The small boards to repair the treadmill are finally here. I have only had all the parts here and the layout for the board done for the past several months. I think this board should be beefy enough to truly fix the problem.
The history on the treadmill is a long one. We ended up with a treadmill with a faulty display that my wife gave me permission to hack on to try to fix it, after all I'm a EE right? I should be able to fix everything, even if I don't have a schematic or nice set of test equipment at home. Luckily the fault here was just the contrast on the display going out and the negative voltage generator circuit was easily accessible.

So I pulled up the datasheets on the IC's and capacitors they were using which of course turned out to be the cheapest bare minimum parts they thought they could get away with. So I bought and replaced the caps and voltage inverters with better versions of the same parts and put it all back together. It worked!! For about a month. Measuring all the voltages in the circuit showed that once again, even with the better parts, the voltage inverters were failing. At that point I gave up trying to improve the original voltage inverter circuit and just design my own and drop it in.

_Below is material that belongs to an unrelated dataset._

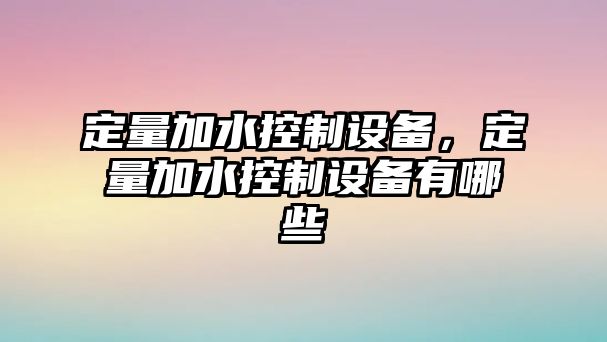 定量加水控制設備，定量加水控制設備有哪些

In the end I decided it would be a lot less hassle and much more robust if I simply took a known good design and dropped that in. So I've got a board put together that includes a nice TI based inverter that is probably way overkill for this but should be able to take the abuse that kept frying the original inverter circuit.
The whole thing is basically the TI
PTN04050 with the necessary support components. I also have a different configuration set up to be able to use the part as a variable negative voltage generator instead of the fixed configuration shown above. I'll post another update once I get it installed and working.

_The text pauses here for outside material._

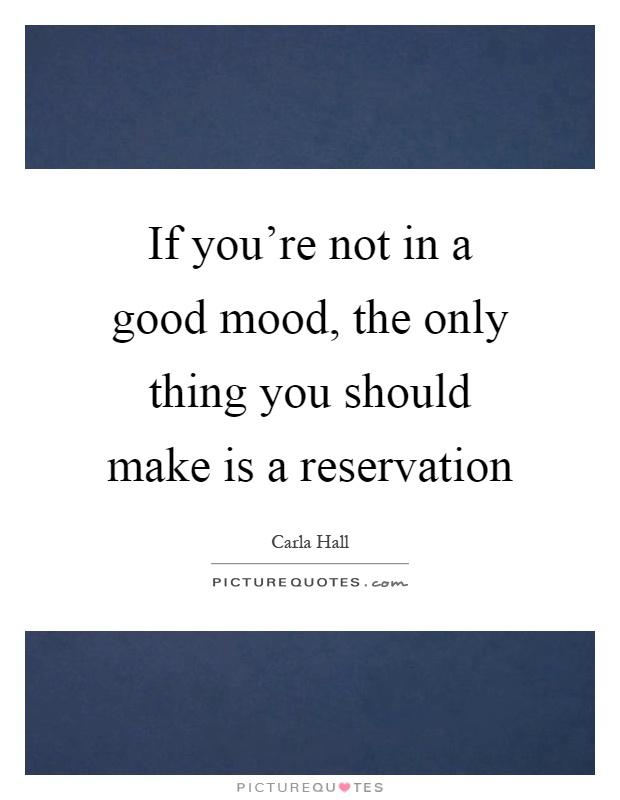 If you're not in a good mood, the only thing you should make is a reservation Picture Quote #1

The treadmill fix ended up being a pretty small board so I added the embedded data recorder to use up the rest of the real estate on the cheap PCBExpress boards.
I also received the MSP430 dev kit I ordered in the previous post at a great price and verified it does indeed have the complete USB programmer which is listed by itself as $25 more than the dev kit. I also received my box full of parts which I checked against my BOM. And of course something got left out and I remembered something else I had planned for but forgotten because it wasn't on the BOM.

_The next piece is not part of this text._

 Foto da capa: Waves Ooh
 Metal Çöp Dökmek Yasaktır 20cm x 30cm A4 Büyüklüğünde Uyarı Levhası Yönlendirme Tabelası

Fortunately the item left of the BOM was the transformer that you have to direct order from coilcraft and that's ok because I'm not sure what ratio I want yet. Placing the thermoelectric cooler against the cold window here in Seattle had it generating 200mV initially so I need to look at the energy harvesting circuit and the long term equilibrium voltage generated to determine which transformer to use.
I also need to go back to DigiKey and get a couple of the FTDI uart to USB cables that run straight from a 3.3V uart. Got spoiled to those at work and need some for the home projects as well.
Once I get the treadmill up and running (hopefully for longer than a month this time), I will start putting together the embedded data recorder and get started on both the embedded code and trying to get something together on the PC side to do something useful with the data.